--- How to complete this task ---
Copy the lines below exactly. No picture goes into the copy.

--- Given material ---
=== Section Start ===

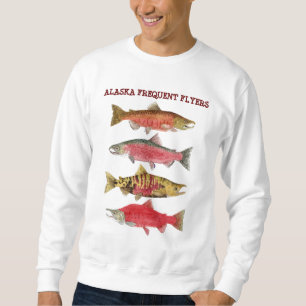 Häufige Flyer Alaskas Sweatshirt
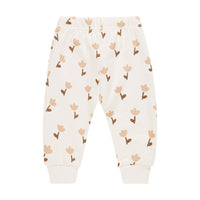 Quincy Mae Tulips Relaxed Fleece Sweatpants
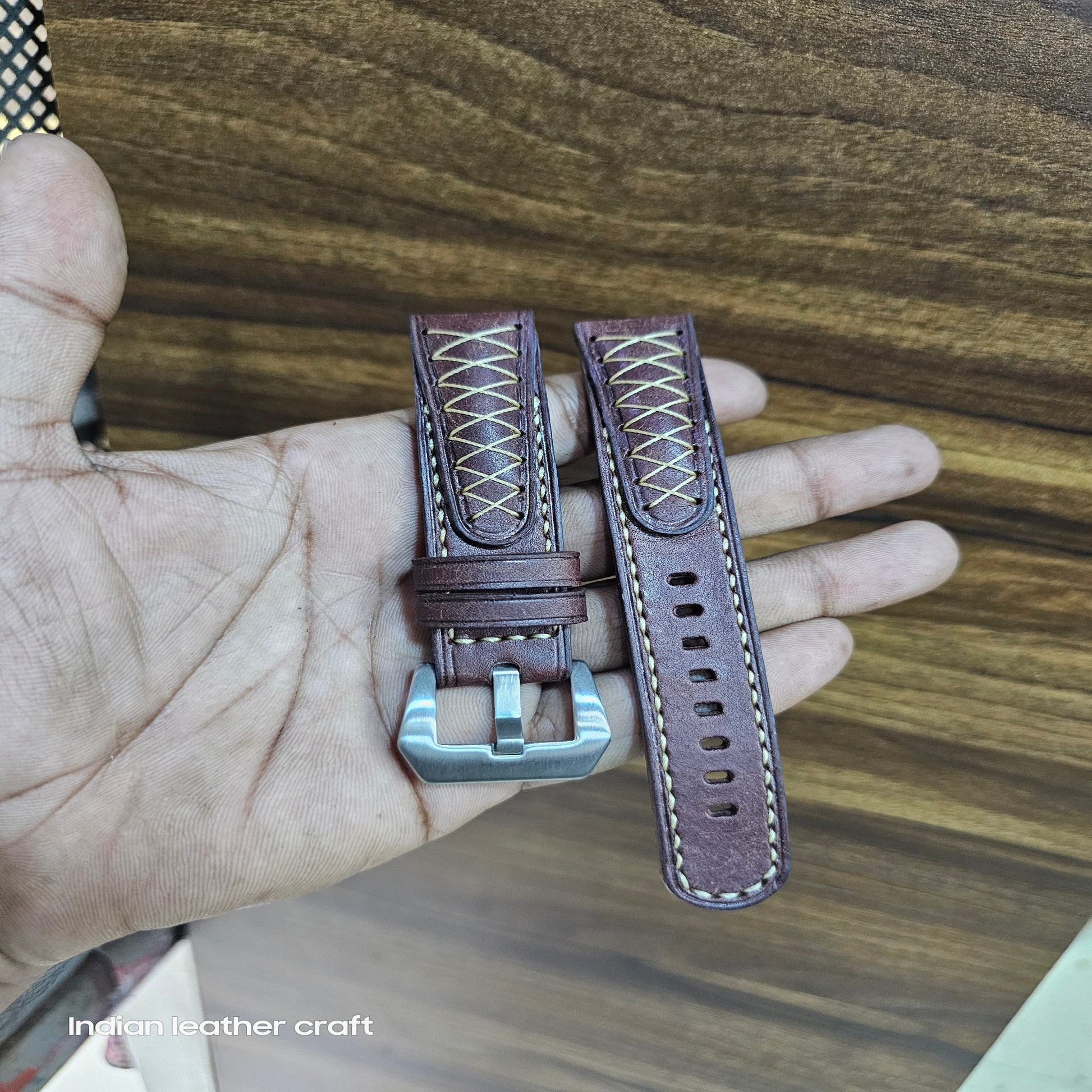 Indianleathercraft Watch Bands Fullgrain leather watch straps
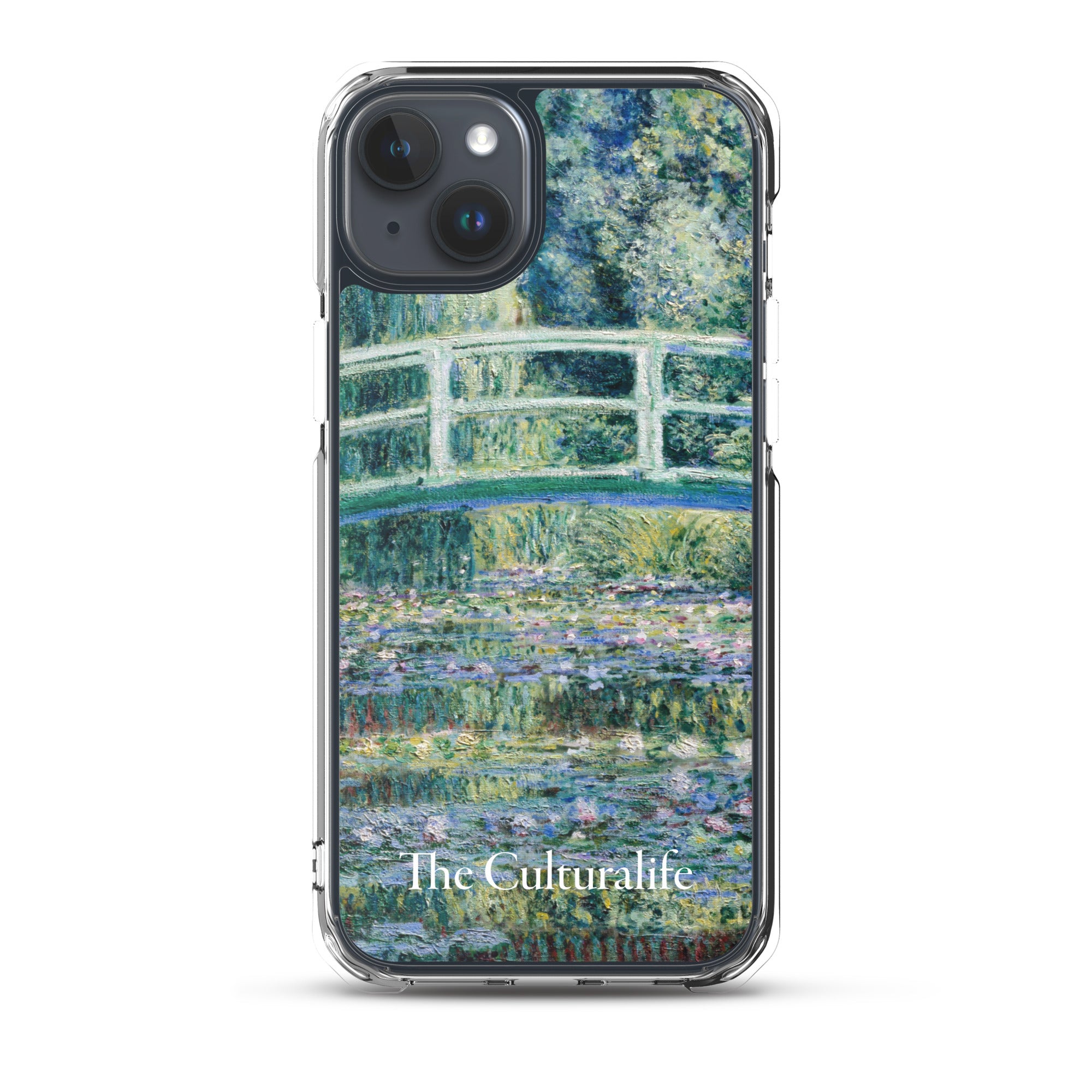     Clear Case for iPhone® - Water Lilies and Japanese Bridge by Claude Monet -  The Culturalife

=== Section End ===

--- Answer section ---
 Häufige Flyer Alaskas Sweatshirt
 Quincy Mae Tulips Relaxed Fleece Sweatpants
 Indianleathercraft Watch Bands Fullgrain leather watch straps
     Clear Case for iPhone® - Water Lilies and Japanese Bridge by Claude Monet -  The Culturalife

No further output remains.